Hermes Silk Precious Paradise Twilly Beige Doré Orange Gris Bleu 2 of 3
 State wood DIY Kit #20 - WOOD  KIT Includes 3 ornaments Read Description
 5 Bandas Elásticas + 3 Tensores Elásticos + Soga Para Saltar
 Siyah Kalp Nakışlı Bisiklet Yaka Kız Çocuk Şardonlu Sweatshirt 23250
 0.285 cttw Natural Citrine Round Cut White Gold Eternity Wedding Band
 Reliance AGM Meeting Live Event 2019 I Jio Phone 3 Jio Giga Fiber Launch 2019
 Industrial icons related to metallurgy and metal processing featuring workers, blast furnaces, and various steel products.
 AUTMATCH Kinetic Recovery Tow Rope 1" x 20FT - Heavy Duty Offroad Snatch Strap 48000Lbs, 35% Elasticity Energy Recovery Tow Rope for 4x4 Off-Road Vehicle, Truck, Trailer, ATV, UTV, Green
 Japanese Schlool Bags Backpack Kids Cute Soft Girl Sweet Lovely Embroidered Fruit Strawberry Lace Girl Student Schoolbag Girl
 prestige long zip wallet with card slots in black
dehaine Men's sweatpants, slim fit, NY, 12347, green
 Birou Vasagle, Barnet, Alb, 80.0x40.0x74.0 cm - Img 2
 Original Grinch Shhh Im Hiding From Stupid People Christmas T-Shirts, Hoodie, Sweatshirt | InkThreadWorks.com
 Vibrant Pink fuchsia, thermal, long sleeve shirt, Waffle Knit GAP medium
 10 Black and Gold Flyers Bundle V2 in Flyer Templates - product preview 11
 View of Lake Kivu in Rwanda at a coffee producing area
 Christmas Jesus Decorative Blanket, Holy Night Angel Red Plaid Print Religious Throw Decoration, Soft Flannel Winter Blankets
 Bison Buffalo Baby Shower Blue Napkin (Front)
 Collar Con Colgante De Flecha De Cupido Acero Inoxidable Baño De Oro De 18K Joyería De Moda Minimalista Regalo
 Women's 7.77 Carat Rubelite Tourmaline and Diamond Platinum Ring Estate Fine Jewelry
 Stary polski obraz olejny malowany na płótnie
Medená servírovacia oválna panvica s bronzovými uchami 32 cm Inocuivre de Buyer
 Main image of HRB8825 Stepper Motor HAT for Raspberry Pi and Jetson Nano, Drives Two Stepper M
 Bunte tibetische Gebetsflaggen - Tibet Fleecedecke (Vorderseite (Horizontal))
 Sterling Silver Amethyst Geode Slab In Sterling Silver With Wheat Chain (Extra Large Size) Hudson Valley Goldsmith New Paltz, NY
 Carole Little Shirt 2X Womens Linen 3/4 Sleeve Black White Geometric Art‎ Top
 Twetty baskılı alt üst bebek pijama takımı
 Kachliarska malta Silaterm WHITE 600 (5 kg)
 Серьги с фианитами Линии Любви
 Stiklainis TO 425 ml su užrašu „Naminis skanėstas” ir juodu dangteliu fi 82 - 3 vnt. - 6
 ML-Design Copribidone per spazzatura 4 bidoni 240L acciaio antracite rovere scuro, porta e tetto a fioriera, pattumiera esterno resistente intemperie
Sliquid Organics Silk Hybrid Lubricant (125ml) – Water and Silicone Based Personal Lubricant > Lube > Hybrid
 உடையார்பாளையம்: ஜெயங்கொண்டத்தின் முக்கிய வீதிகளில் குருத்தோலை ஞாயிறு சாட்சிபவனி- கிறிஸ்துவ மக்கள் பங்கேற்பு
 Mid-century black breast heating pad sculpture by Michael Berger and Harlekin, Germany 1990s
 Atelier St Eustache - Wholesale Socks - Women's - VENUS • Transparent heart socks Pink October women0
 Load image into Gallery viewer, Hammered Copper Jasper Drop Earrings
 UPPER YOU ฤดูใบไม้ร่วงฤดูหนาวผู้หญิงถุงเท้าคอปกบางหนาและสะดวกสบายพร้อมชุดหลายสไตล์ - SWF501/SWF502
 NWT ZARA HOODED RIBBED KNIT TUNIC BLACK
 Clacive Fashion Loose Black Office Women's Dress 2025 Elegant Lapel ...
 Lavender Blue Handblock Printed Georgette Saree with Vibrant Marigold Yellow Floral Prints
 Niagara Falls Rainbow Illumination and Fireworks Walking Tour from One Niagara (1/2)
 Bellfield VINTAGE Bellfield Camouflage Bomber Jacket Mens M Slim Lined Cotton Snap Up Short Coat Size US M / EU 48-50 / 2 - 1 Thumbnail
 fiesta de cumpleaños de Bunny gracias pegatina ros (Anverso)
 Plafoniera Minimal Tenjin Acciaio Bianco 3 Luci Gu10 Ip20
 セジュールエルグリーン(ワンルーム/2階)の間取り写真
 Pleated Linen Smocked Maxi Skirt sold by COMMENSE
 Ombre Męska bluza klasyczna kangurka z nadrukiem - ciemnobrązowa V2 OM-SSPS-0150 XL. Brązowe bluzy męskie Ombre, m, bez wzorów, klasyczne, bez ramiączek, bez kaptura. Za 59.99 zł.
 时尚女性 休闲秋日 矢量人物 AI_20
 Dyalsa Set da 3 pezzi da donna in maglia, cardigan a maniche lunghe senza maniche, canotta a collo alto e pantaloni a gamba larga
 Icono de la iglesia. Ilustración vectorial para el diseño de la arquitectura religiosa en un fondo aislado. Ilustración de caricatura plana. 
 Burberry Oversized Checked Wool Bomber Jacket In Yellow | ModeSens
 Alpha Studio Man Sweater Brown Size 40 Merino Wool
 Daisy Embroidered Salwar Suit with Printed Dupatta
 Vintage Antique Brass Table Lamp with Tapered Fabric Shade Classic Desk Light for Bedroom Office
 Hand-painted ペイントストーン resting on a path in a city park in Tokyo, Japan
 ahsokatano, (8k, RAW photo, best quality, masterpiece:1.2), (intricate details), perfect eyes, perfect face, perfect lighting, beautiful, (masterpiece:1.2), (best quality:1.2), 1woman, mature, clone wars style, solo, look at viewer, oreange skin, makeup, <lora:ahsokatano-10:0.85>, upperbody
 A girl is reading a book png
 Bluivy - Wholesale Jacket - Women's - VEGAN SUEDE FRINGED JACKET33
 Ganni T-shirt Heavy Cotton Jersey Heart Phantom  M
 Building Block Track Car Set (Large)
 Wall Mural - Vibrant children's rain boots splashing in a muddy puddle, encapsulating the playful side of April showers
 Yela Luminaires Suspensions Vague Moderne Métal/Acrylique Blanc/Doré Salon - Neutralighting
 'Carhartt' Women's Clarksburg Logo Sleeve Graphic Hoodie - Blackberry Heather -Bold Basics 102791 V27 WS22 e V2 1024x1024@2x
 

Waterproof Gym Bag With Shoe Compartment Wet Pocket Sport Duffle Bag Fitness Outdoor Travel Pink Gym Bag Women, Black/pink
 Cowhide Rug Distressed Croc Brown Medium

• Assigned task: Please give an exact copy of the entries above, from the line with "Japanese Schlool Bags" down to the line with "Bunte tibetische Gebetsflaggen", inclusive, and nothing else.

• Exercise result:
 Japanese Schlool Bags Backpack Kids Cute Soft Girl Sweet Lovely Embroidered Fruit Strawberry Lace Girl Student Schoolbag Girl
 prestige long zip wallet with card slots in black
dehaine Men's sweatpants, slim fit, NY, 12347, green
 Birou Vasagle, Barnet, Alb, 80.0x40.0x74.0 cm - Img 2
 Original Grinch Shhh Im Hiding From Stupid People Christmas T-Shirts, Hoodie, Sweatshirt | InkThreadWorks.com
 Vibrant Pink fuchsia, thermal, long sleeve shirt, Waffle Knit GAP medium
 10 Black and Gold Flyers Bundle V2 in Flyer Templates - product preview 11
 View of Lake Kivu in Rwanda at a coffee producing area
 Christmas Jesus Decorative Blanket, Holy Night Angel Red Plaid Print Religious Throw Decoration, Soft Flannel Winter Blankets
 Bison Buffalo Baby Shower Blue Napkin (Front)
 Collar Con Colgante De Flecha De Cupido Acero Inoxidable Baño De Oro De 18K Joyería De Moda Minimalista Regalo
 Women's 7.77 Carat Rubelite Tourmaline and Diamond Platinum Ring Estate Fine Jewelry
 Stary polski obraz olejny malowany na płótnie
Medená servírovacia oválna panvica s bronzovými uchami 32 cm Inocuivre de Buyer
 Main image of HRB8825 Stepper Motor HAT for Raspberry Pi and Jetson Nano, Drives Two Stepper M
 Bunte tibetische Gebetsflaggen - Tibet Fleecedecke (Vorderseite (Horizontal))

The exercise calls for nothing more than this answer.